I have just finished The Raven King, the last in The Raven Cycle, by Maggie Stiefvater.
Oh. My. Lord.
I loved the first book in the series, The Raven Boys, when I read it way back when (three years ago, apparently), and was bereft at how it just ended dead (well, bloomin furious is probably closer).
Then I read Dream Thieves and darn me if it didn’t happen again, although the beautiful organic prose made it almost okay. So, when Blue Lily, Lily Blue came out, I was still a little resentful, and not quite ready to re-read the first two and catch up.
I’m glad I waited because it meant I could consume all four books inside a month.

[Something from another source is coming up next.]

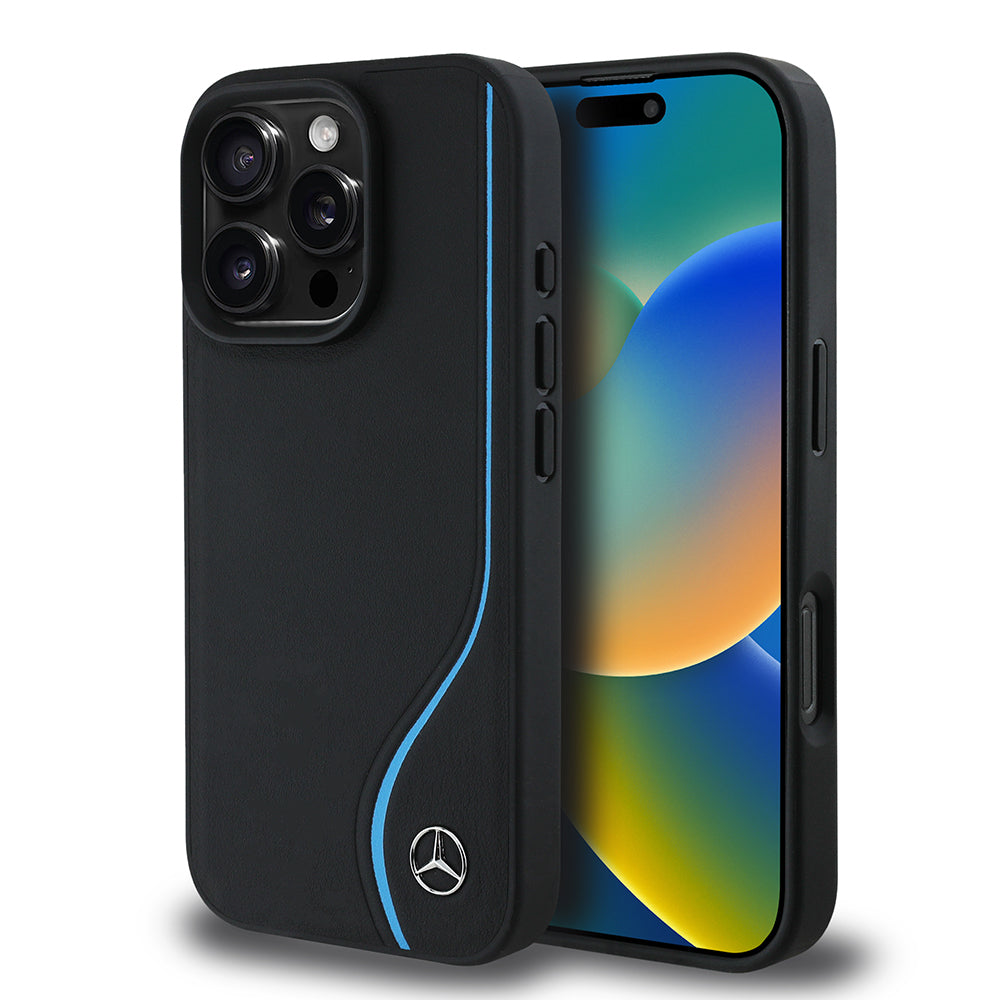 Mercedes Benz iPhone 16 Pro Orjinal Lisanslı 3D Metal Logolu Mavi Dikey Eğri Çizgili Deri M-safe Kılıf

I’m trying to describe how I feel, without giving anything away: it’s a series that has to be appreciated without anything resembling a spoiler. The reveal, the experiencing alongside the characters, is the heart and soul of it.
To borrow a shadow of Maggie Stiefvater’s masterful imagery, I feel like I have hiked up an impossible mountain, thinking the view couldn’t get any better, certain I’ll be disappointed. And then the top is a panoramic view of a magical world. And then – and then – there’s a crystal ice-clear lake, and I jump in, and I’m shocked and shaking and tingling and alive all at once.
I want to hold the book, the characters, the story, the journey, hold it to my face, like I do the guinea pigs, and sink into the warmth and comfort and escapism of it.
I also want to write like that. And I know I can’t. And it’s okay.
It’s like at school, when I didn’t do A Level Art, because I was never going to get an A, and I wanted to go to Cambridge University (or other people thought I should want to, I can’t really remember) and because the other kids were just so amazing at all sorts of artistry I couldn’t even dream of, and I was never going to produce something like that out of my mundane and stubborn imagination.
So I did History and Maths and English Literature, and quietly slowly smothered my creativity and turned myself into an academic and then a number-cruncher.
I can’t let my awe-ful (in the full-of-awe sense) admiration, hunger and desire for these books, this writing, this powerful imagery and incredible world-building, I can’t let it stop me being the writer I am. Just because I can’t get an A, doesn’t mean I shouldn’t continue to create.
But oh my. To write like that. To be able to give ten years to a set of books – ten years! To persist and dream and create and build and then – let go! How hard must it have been to finish? Just finishing reading them was hard enough. The only thing I admire more than the talent and vision is the sheer dedication and determination. I get bored writing a book after ten weeks.
Anyway, I’m still rather swept up in the Raven Cycle , the hyperbolic, dreamy, electrically charged world. So, sorry for the slightly dreamy hyperbolic post.
I’m not quite ready to come back to earth.
Normal service will resume when I tear myself away from the mountain top. Just a little bit longer.